Your objective: This exercise calls for an exact copy of the listing, with no pictures kept.

Exercise material Start Marker

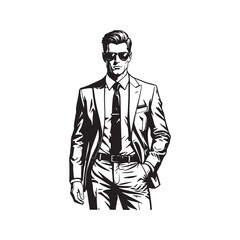 Full body illustration of a handsome man in a suit and sunglasses. Stylish black and white vector sketch of a confident businessman walking.

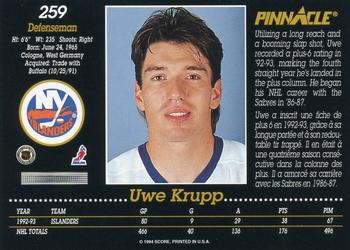 1993-94 Pinnacle Canadian #259 Uwe Krupp Back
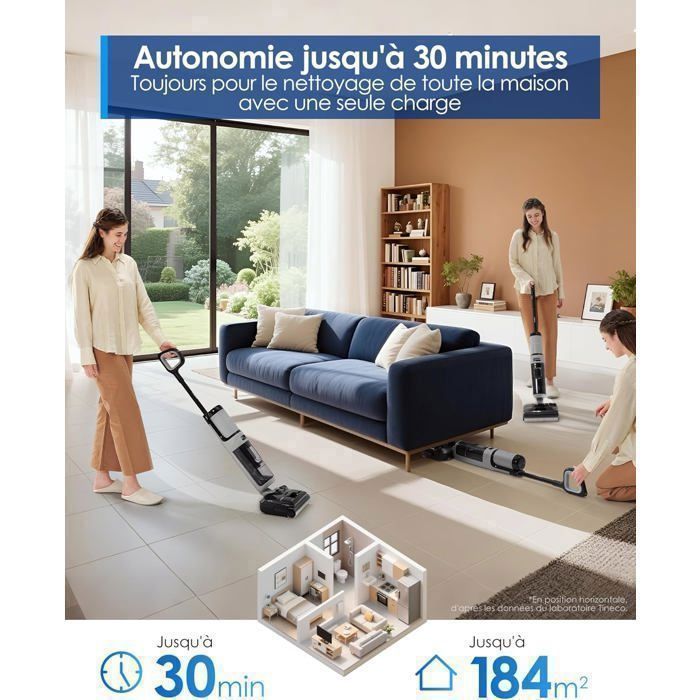 TINECO Floor One i5 Stretch draadloze steelstofzuiger - 30 min gebruiksduur - 190 AW zuigkracht - Draadloos
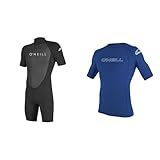 O'Neill Wetsuits Men's Reactor-2 2mm Back Zip Spring Wetsuit, Black/Black, L & Herren Uv Schutz...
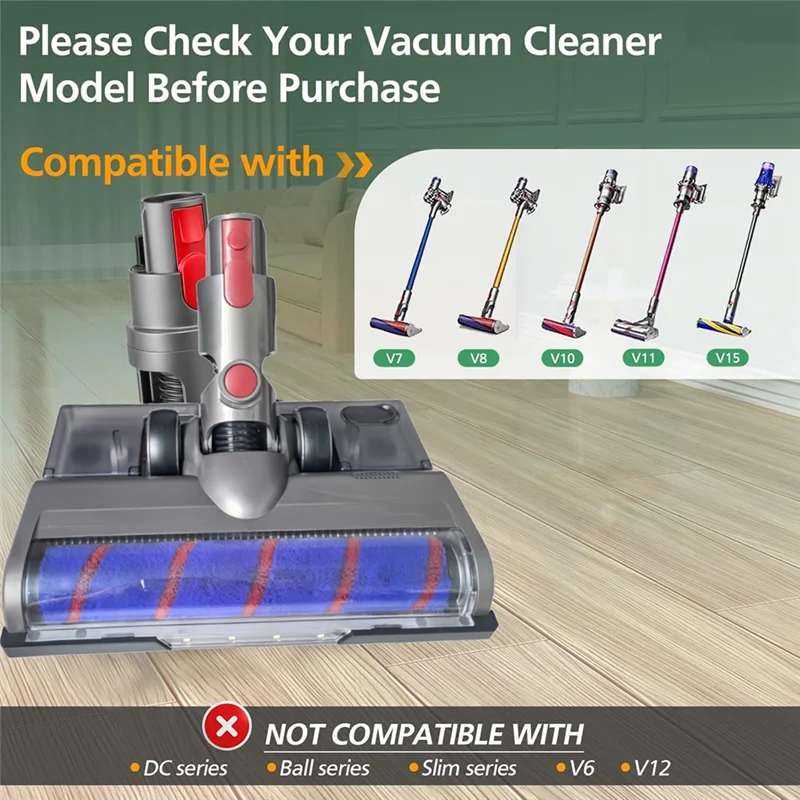

ABGH-Для Dyson V7 V8 V10 V11 V15 Насадка для пылесоса Мягкая роликовая насадка для щетки со светодиодной подсветкой для пыли с резервуаром для воды и подушечками для швабры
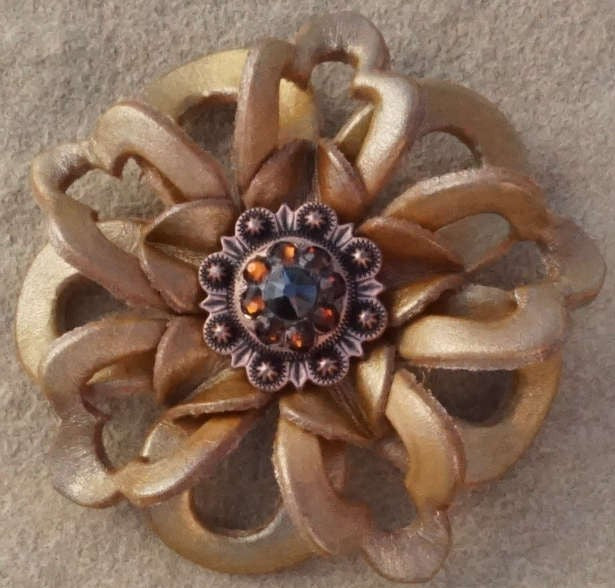 Gold Lotus Leather Flowers - 1" Crystal Conchos - Options — view 6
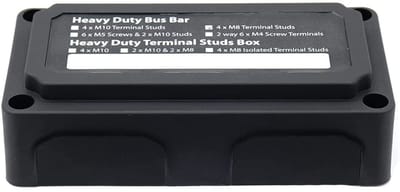 Dailygoods - Zwarte 300A Bus Bar Box - Heavy-Duty Stroomverdeelblok - 4 M8 Studs - Accu Aansluitblok - 12V - 48V DC - Voor Marine en Auto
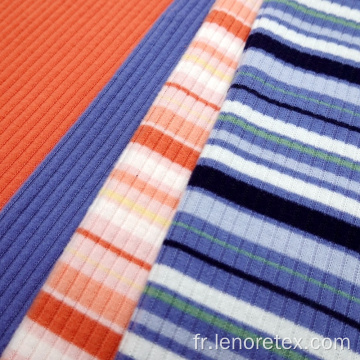 Rayon Fil Dye Stripe Tissu de brosse en tricot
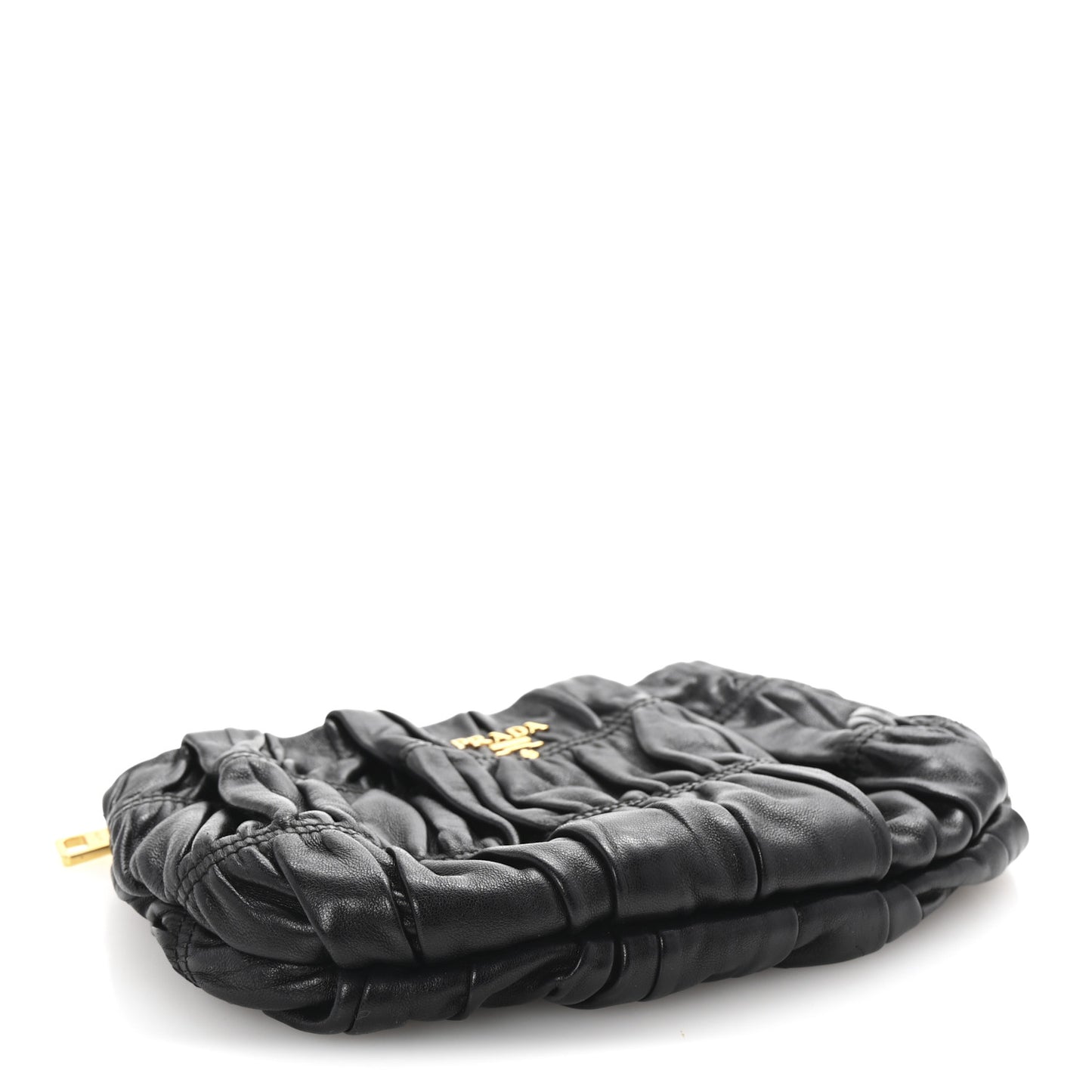 Nappa Gaufre Wristlet Clutch Black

Exercise material End Marker

Response:
 Full body illustration of a handsome man in a suit and sunglasses. Stylish black and white vector sketch of a confident businessman walking.

 1993-94 Pinnacle Canadian #259 Uwe Krupp Back
 TINECO Floor One i5 Stretch draadloze steelstofzuiger - 30 min gebruiksduur - 190 AW zuigkracht - Draadloos
 O'Neill Wetsuits Men's Reactor-2 2mm Back Zip Spring Wetsuit, Black/Black, L & Herren Uv Schutz...

ABGH-Для Dyson V7 V8 V10 V11 V15 Насадка для пылесоса Мягкая роликовая насадка для щетки со светодиодной подсветкой для пыли с резервуаром для воды и подушечками для швабры
 Gold Lotus Leather Flowers - 1" Crystal Conchos - Options — view 6
 Dailygoods - Zwarte 300A Bus Bar Box - Heavy-Duty Stroomverdeelblok - 4 M8 Studs - Accu Aansluitblok - 12V - 48V DC - Voor Marine en Auto
 Rayon Fil Dye Stripe Tissu de brosse en tricot
 Nappa Gaufre Wristlet Clutch Black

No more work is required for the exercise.